The long funnel-shaped beam cutting the darkness traveled over a table between two windows, an opposite door on the far side of the room, the edge of a buffet—and the girl. She was lying on the floor in a crumpled huddle, one cheek pressed against the carpet. Her eyes were closed, her arms outflung. Her hat had fallen off. Blood mixed itself with the dark curls, trickled across her forehead. She was breathing.
Outside the wind blew a stentorian blast. The windows rattled. A blast of snow hit the panes. The icy rattle was like machine-gun fire on a smaller scale. Todhunter pushed the door wide. He crossed the rug to the prostrate girl, stooped over her, put forth an exploring hand—and that was all for the little detective.

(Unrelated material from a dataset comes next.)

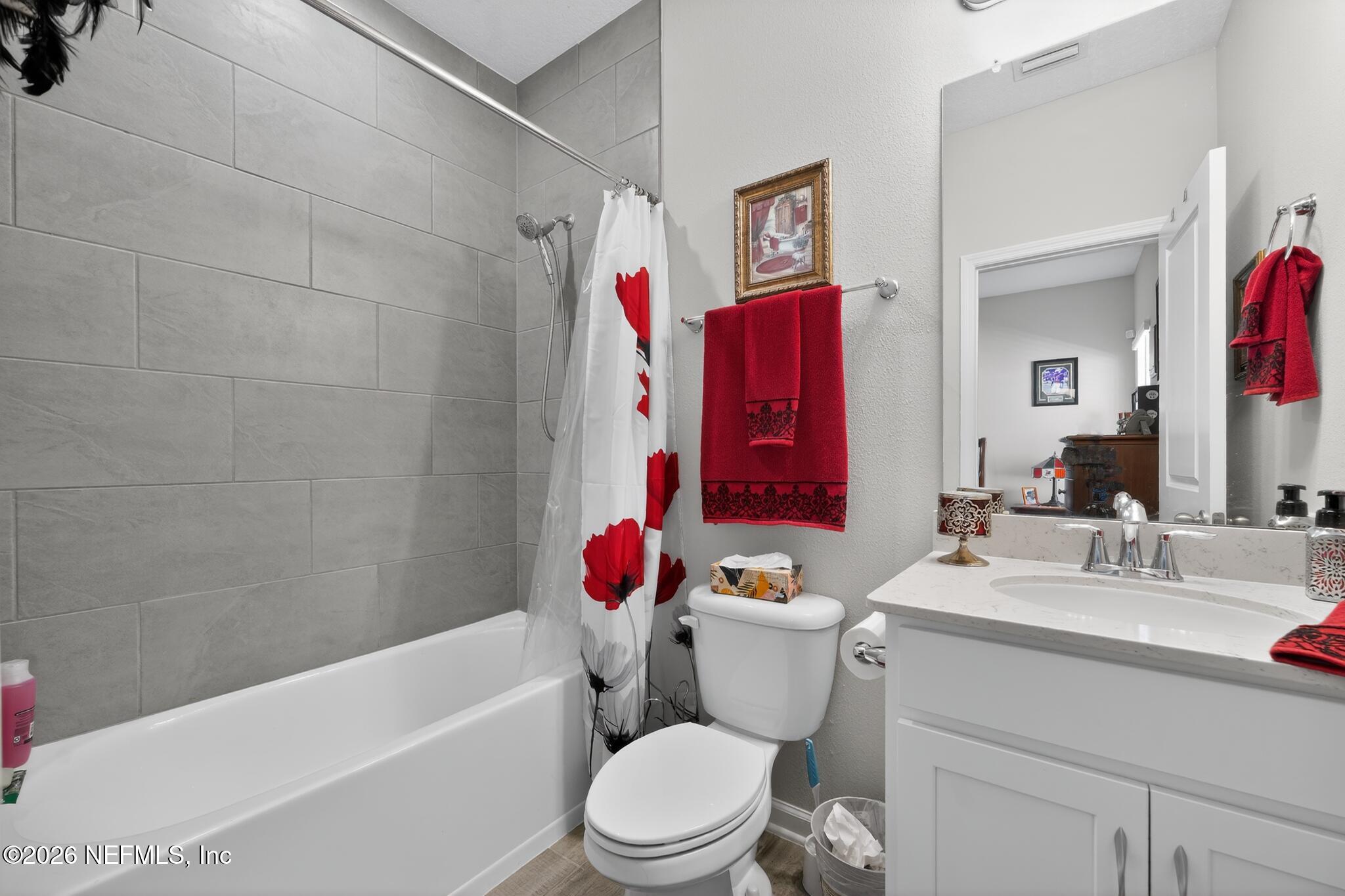 75505 Banyan Way Yulee, FL 32097 - Photo 20 of 30 a bathroom with a toilet sink vanity tub and shower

He neither saw nor heard what was coming on him from behind. The blow descended with stunning force. It caught him on the back of the head near the nape of the neck. Todhunter buckled.
The big official Cadillac with its load of detectives pulled to a stop in front of the entrance gates to the small estate north of Fieldston. The man who had driven Todhunter there a short time earlier was on the back seat with McKee. He said: “Yes, Inspector, that’s the place.”